Feelings are normal and what you do with those feelings can say a lot about both who you are as a person, as well as what you value. When stressed, people often say and do things they shouldnt. This should be expected in times of crisis, when reactions are more prevalent than responses. Our goal, however, should be to develop coping mechanisms which allow us to inhibit offensive reactions and make conscious choices to respond in a healthy manner when frustrated.
I am reminded of this issue every time I step into an airport. Its like a little test lab for the stress response. I have seen individuals handle flight delays and other transportation problems with grace, and conversely, I have seen a whole lotta ugly. Last week, I was pleasantly surprised by the response of a few passengers on my short trip to Dallas.
The 40-minute flight detoured to Austin and turned into a 4-hour mini-adventure. We were all inconvenienced, but the prize went to two ladies who sat under an air vent that dripped, and then poured water (from condensation) on their heads. There were no other seats, so there they sat. At first, they stuffed napkins into the vents, but once that strategy failed, the stewardess resorted to giving the passengers trash bags to wear on their heads.

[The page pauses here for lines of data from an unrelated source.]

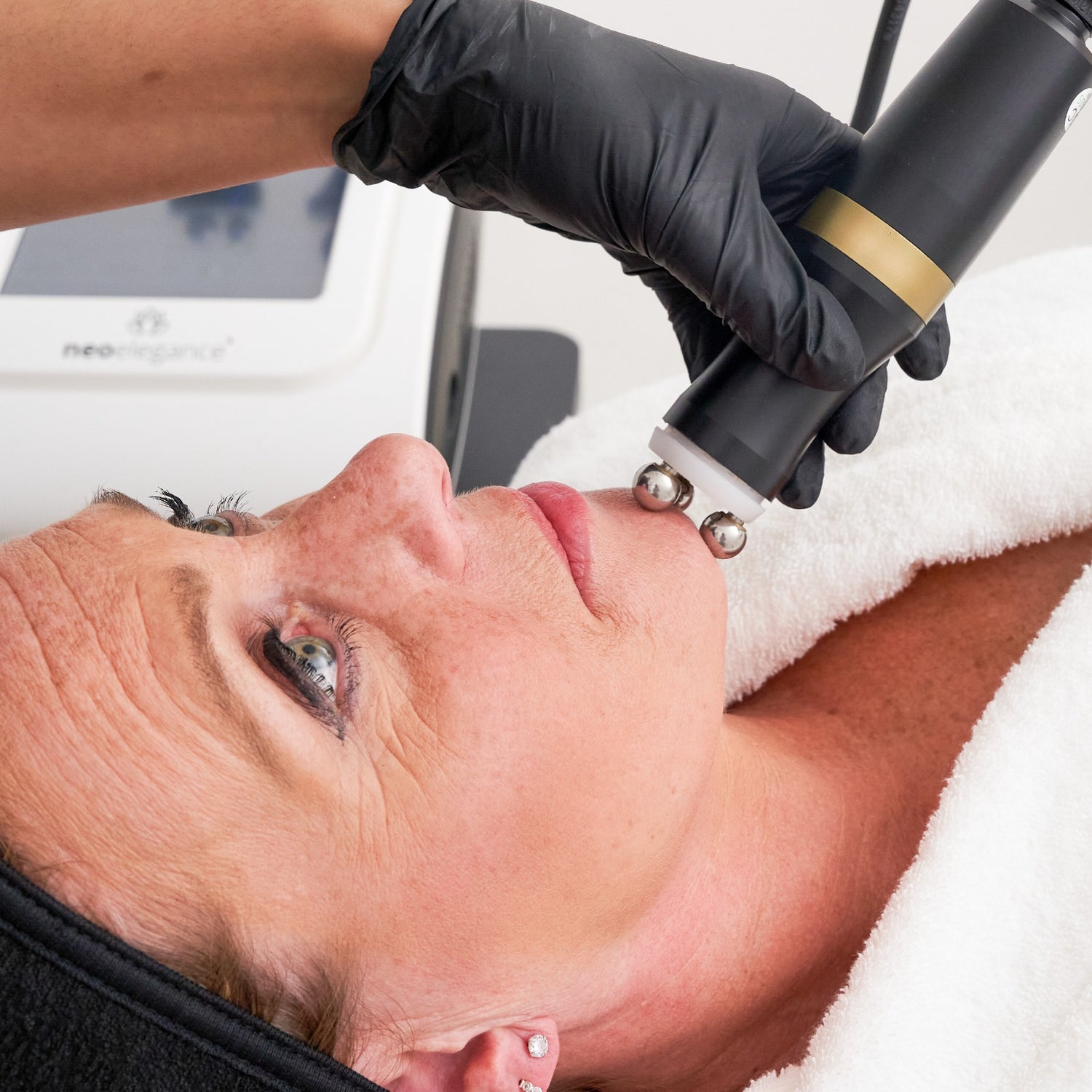 radiofrequency used in the face, to tone facial muscles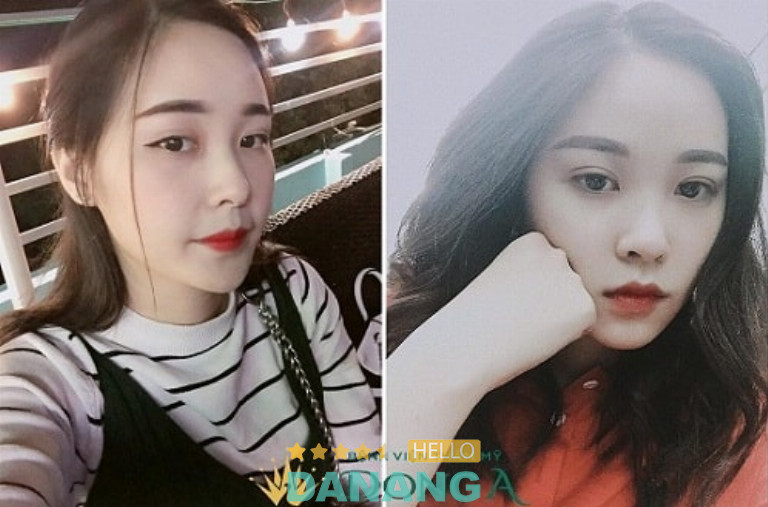 Thẩm Mỹ Viện Đông Á, Đà Nẵng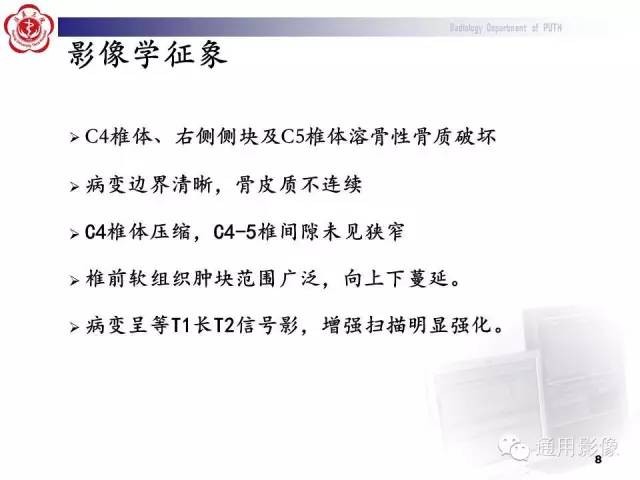 【病例】颈椎嗜酸性肉芽肿1例CT及MR影像表现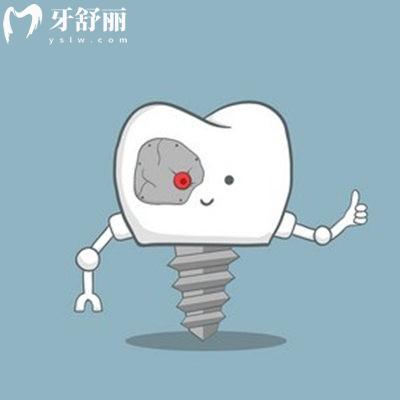 湛江市珠江口腔醫(yī)院是私立醫(yī)院嗎?靠譜嗎?價格貴不貴？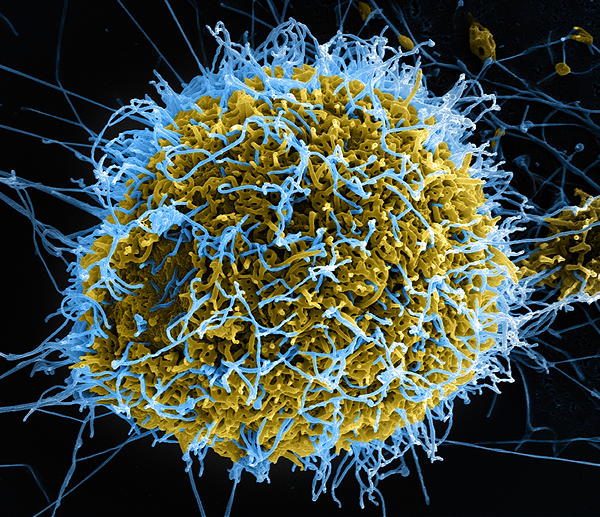 Ebolavirus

These ladies had every reason to complain and be unpleasant but, they didnt. In fact, their understanding nature really had a positive impact on everyone around them. Therein lies the lesson. Just as one drop of rain can raise the level of the ocean, one response or interaction can have a ripple effect on the emotional climate of an entire group or area. I sure hope my response to stressful situations send more positive ripples than negative ones. Time will continue to tell.